在spark home路径下找到spark submit脚本：

... ... //环境变量的准备工作
exec "$SPARK_HOME"/bin/spark-class org.apache.spark.deploy.SparkSubmit "${ORIG_ARGS[@]}"

可以看到最终由spark-class 脚本执行，入参是SparkSubmit

在spark-class脚本中：

调用了build_command(){ “”$RUNNNER" -Xmx128m -cp "$Launch_classpath" org.apache.spark.lancher..Main "$@"//通过luncher.Main方法spark启动做了命名的编译。

最后exe "${CMD[@]}" 执行前面编译的命令。我们先看下如何编译命令的。

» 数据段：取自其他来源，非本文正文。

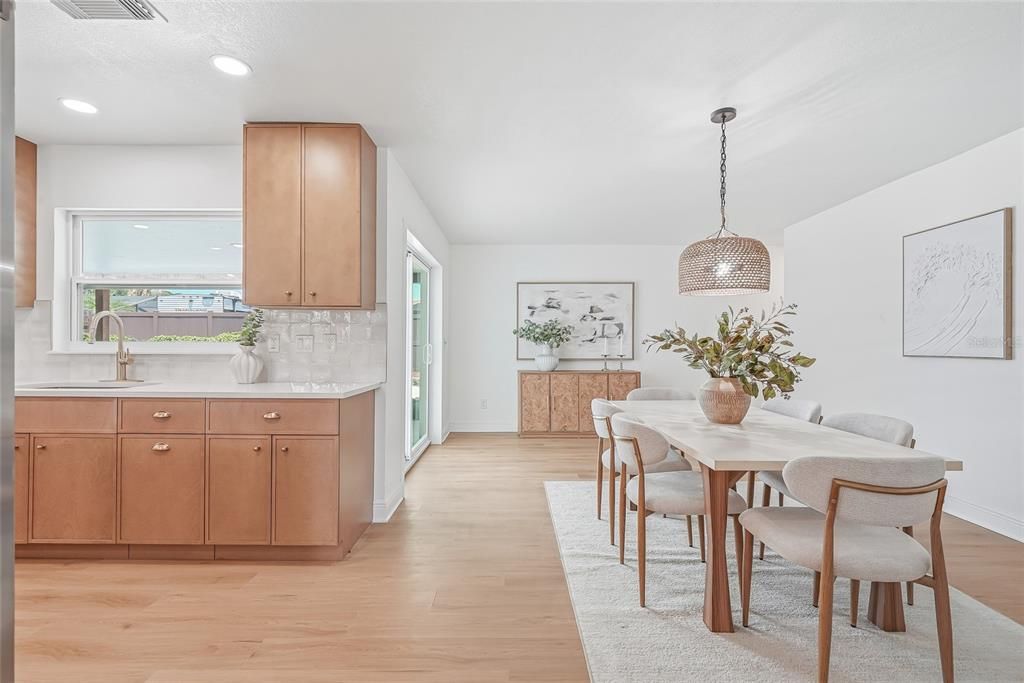 For Sale: $599,900 (3 beds, 2 baths, 1572 Square Feet)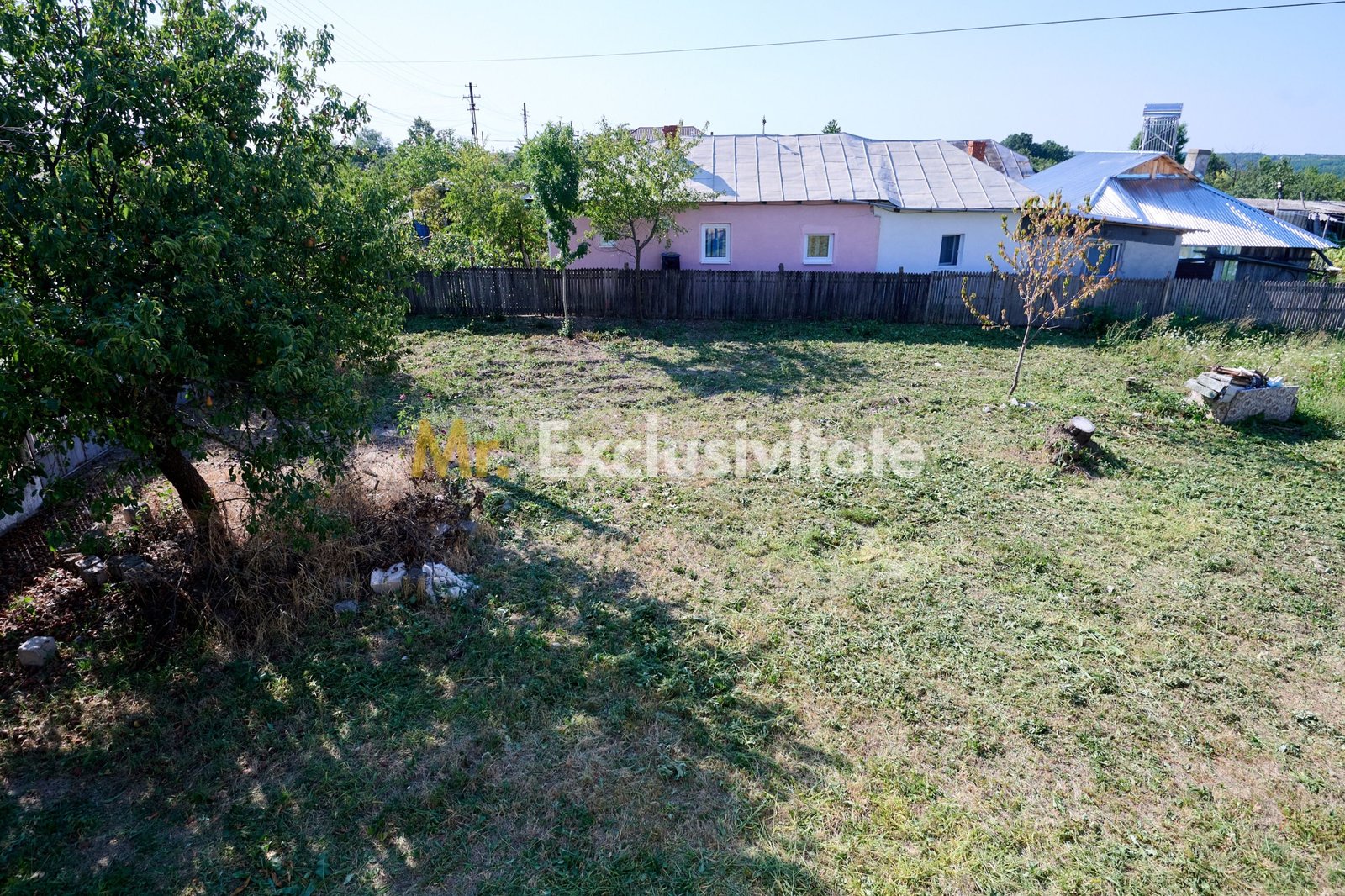c4d73d7ee8594a71bc4d6758e1bee63f Casa + 3105 mp teren intravilan comuna Uda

找到org.apache.spark.launcher.Main

  /**
   * Usage: Main [class] [class args]
   * <p>
   * This CLI works in two different modes:
   * <ul>
   *   <li>"spark-submit": if <i>class</i> is "org.apache.spark.deploy.SparkSubmit", the
   *   {@link SparkLauncher} class is used to launch a Spark application.</li>
   *   <li>"spark-class": if another class is provided, an internal Spark class is run.</li>
   * </ul>
   *
   * This class works in tandem with the "bin/spark-class" script on Unix-like systems, and
   * "bin/spark-class2.cmd" batch script on Windows to execute the final command.
   * <p>
   * On Unix-like systems, the output is a list of command arguments, separated by the NULL
   * character. On Windows, the output is a command line suitable for direct execution from the
   * script.
   */
 public static void main(String[] argsArray) throws Exception {

这里的注释大概就是说这个类注释是输出根据系统输出一串命令参数：

public static void main(String[] argsArray) throws Exception {
    checkArgument(argsArray.length > 0, "Not enough arguments: missing class name.");

    List<String> args = new ArrayList<>(Arrays.asList(argsArray));
    String className = args.remove(0);

    boolean printLaunchCommand = !isEmpty(System.getenv("SPARK_PRINT_LAUNCH_COMMAND"));
    Map<String, String> env = new HashMap<>();
    List<String> cmd;
    if (className.equals("org.apache.spark.deploy.SparkSubmit")) {
      try {
        AbstractCommandBuilder builder = new SparkSubmitCommandBuilder(args);
        cmd = buildCommand(builder, env, printLaunchCommand);
      } catch (IllegalArgumentException e) {
        printLaunchCommand = false;
        System.err.println("Error: " + e.getMessage());
        System.err.println();

        MainClassOptionParser parser = new MainClassOptionParser();
        try {
          parser.parse(args);
        } catch (Exception ignored) {
          // Ignore parsing exceptions.
        }

        List<String> help = new ArrayList<>();
        if (parser.className != null) {
          help.add(parser.CLASS);
          help.add(parser.className);
        }
        help.add(parser.USAGE_ERROR);
        AbstractCommandBuilder builder = new SparkSubmitCommandBuilder(help);
        cmd = buildCommand(builder, env, printLaunchCommand);
      }
    } else {
      AbstractCommandBuilder builder = new SparkClassCommandBuilder(className, args);
      cmd = buildCommand(builder, env, printLaunchCommand);
    }

    if (isWindows()) {
      System.out.println(prepareWindowsCommand(cmd, env));
    } else {
      // In bash, use NULL as the arg separator since it cannot be used in an argument.
      List<String> bashCmd = prepareBashCommand(cmd, env);
      for (String c : bashCmd) {
        System.out.print(c);
        System.out.print('\0');
      }
    }
  }

如果是在liunx系统注意看else中的prepareBashCommand()，方法返回的了一串build成liunx能运行的命令。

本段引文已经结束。